Instructions for the task: Could you reproduce, word for word, everything below from the line containing "Pudel Toy red brown malutki chłopczyk" down to the line containing "Aprenda os cuidados", with both of those lines included and no others?

BEGIN Data supplied

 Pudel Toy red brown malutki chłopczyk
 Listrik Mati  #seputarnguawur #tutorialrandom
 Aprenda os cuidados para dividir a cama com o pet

END Data supplied
BEGIN Data supplied

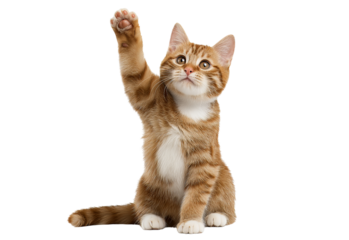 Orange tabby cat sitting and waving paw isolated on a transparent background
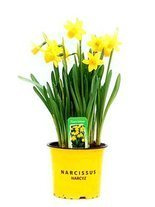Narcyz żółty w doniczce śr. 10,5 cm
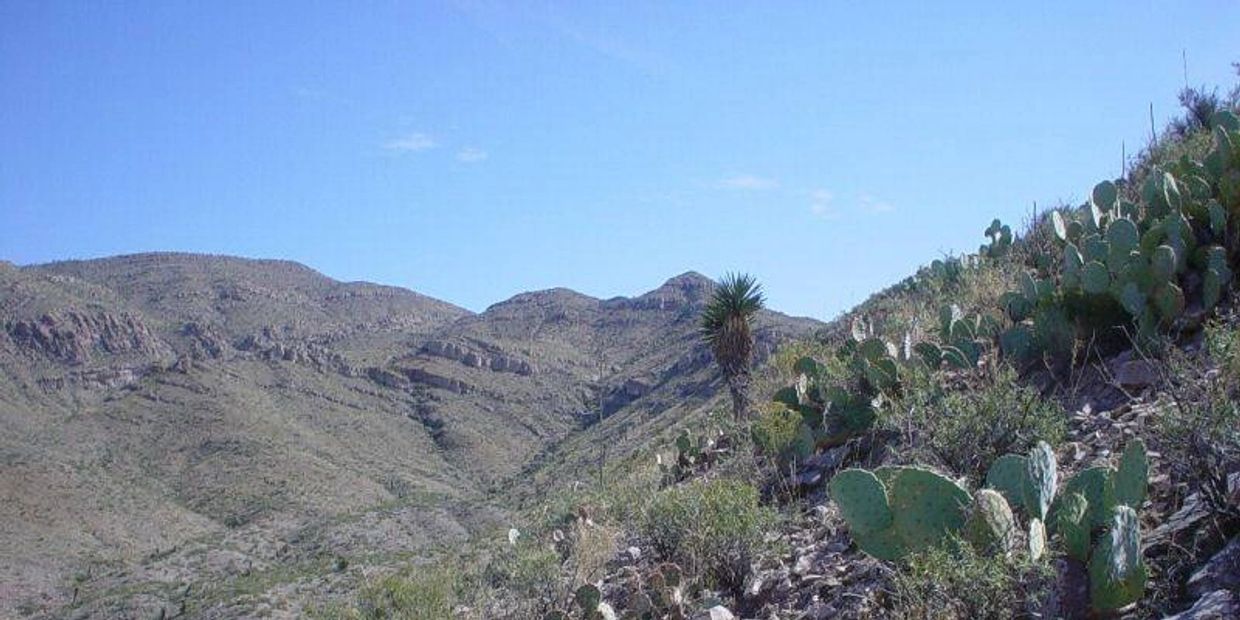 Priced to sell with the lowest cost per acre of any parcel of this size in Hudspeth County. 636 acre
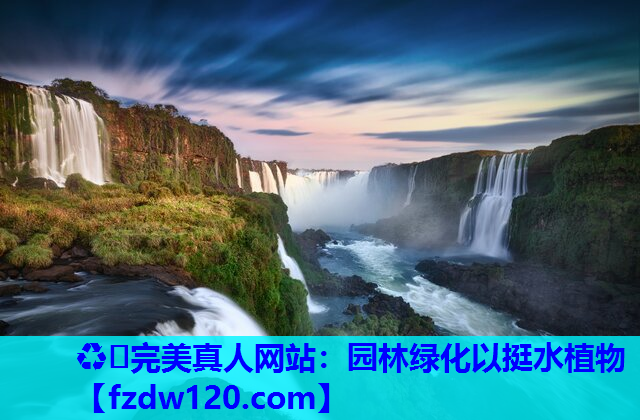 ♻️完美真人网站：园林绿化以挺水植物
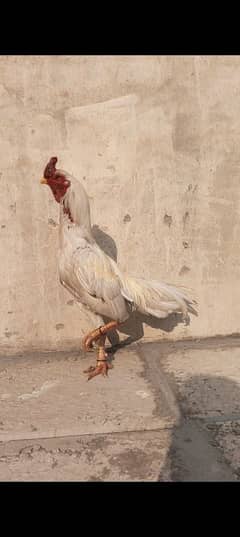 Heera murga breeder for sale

END Data supplied

Response to the exercise:
 Pudel Toy red brown malutki chłopczyk
 Listrik Mati  #seputarnguawur #tutorialrandom
 Aprenda os cuidados para dividir a cama com o pet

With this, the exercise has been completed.